For a block cipher, you can determine the block size by incrementing input one byte at a time and observing when the encrypted output length jumps by multiple bytes (ie, the block size)
How does the token change in response to user-supplied data?
- Figure out how changing different parts of the input affects the output
- Is more than one block affected by a single character change in the input?
Deeper Block Cipher Inspection
Are there any blocks of data that seem to repeat in the same token or over multiple tokens?
- Possibly ECB mode, this doesn’t just happen by coincidence
EXAMPLE
Context: A public-facing web portal for a large ISP. Used an encrypted cookie to authenticate identity. A new cookie is issued on each request. Base64 decoded EE cookies. Divided by 8 and found 8 byte blocks. Noticed some repetition in the same position. The only variable blocks are the last two (possibly a “last accessed” timestamp or similar timeout mechanism). Register a new account with a username of ‘c’ x 32, the maximum length permitted, and observe the value of the EE cookie.
‘c’ x 32 is Perl notation for “cccccccccccccccccccccccccccccccc”
The token is longer, meaning the username is probably stored in the cookie. Still noticed repition in same position. Register another account with a username of ‘c’ x 16 and compare to the EE cookie generated in the previous step. Didn’t see two identical blocks for ‘c’ x 16 and four identical blocks for ‘c’ x 32. Reason is padding. The username doesn’t align perfectly with the block offset. Want to figure out what position in the cookie the usernaem is located. Additional user accounts were created with specific usernames in order to determine if there is any initial padding in the first block. Now you know where the username is in the ciphertext.
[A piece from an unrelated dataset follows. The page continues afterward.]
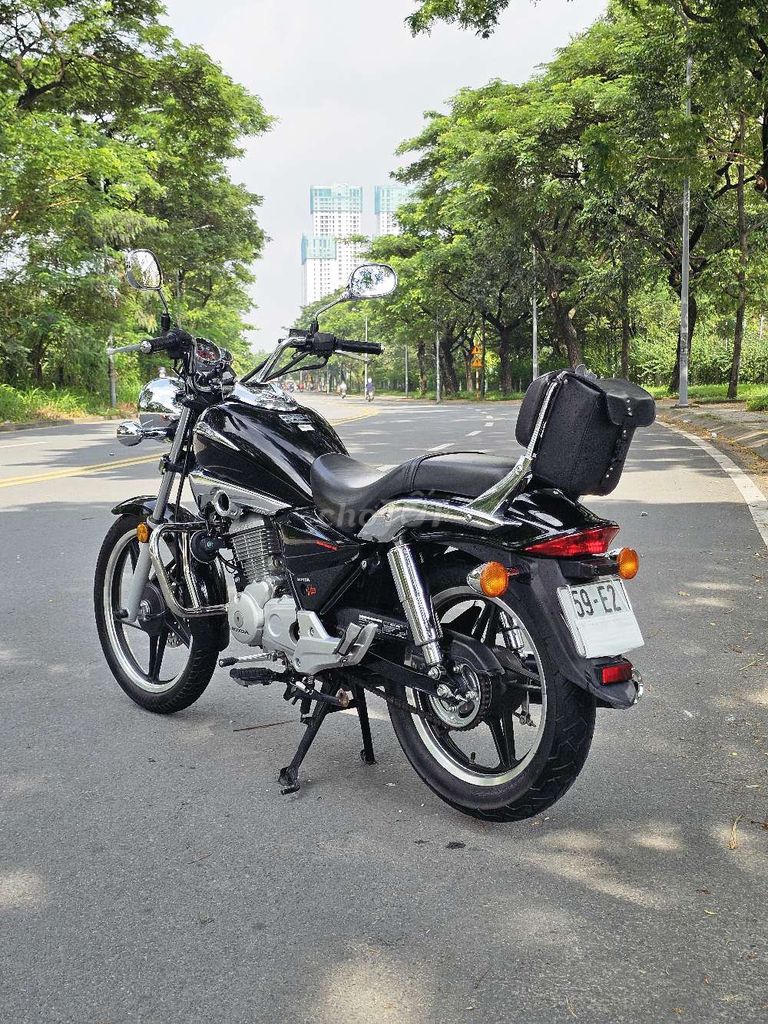 HONDA- SHADOW150-2021. Mua bán Xe máy tại Thành phố Thủ Đức Tp Hồ Chí Minh được đăng bởi XE MÁY VĂN DƯƠNG  hình 8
Able to successfully subvert the authentication mechanism without any knowledge of the algorithm or the key, based solely on observed patterns in the ciphertext. The root cause was the insecure cipher mode and the lack of a verification mechanism. ECB mode shoul dnot be used (use CBC instead).
EXAMPLE
Token values observed in URLs. Changed every time we logged on to the application. Never the same for any two sessions or any two users. Base64 decoded values for several different “stmt” tokens. Statement numbers were displayed in the browser. Looked for correlations between statement number and cipher-text. Conclusion: It looks like a stream cipher. Use XOR to calculate 10 bytes of the keystream based on the known plain-text (ie. the statement number). Now try the same things against one of the other collected tokens, such as the one called “Ctxt”. Get ASCII text that allows you to infer what it would say. Expand it out more and more to get the keystream. Repeat over and over until you have enough of the key to figure out anything in the application.
Through this iterative process, we can obtain the entire keystream (or rather, a sufficient amount of the keystream to encrypt and decrypt all of the cipher-text we encounter). Can replace the statement number with another valid statement number and view the contents.
Able to subvert the encryption mechanism without any knowledge of the algorithm or the key based solely on observed patterns in the ciphertext. They were using RC4 with a unique key generated for each user session. Root cause of the vulnerability is the re-use of the keystream.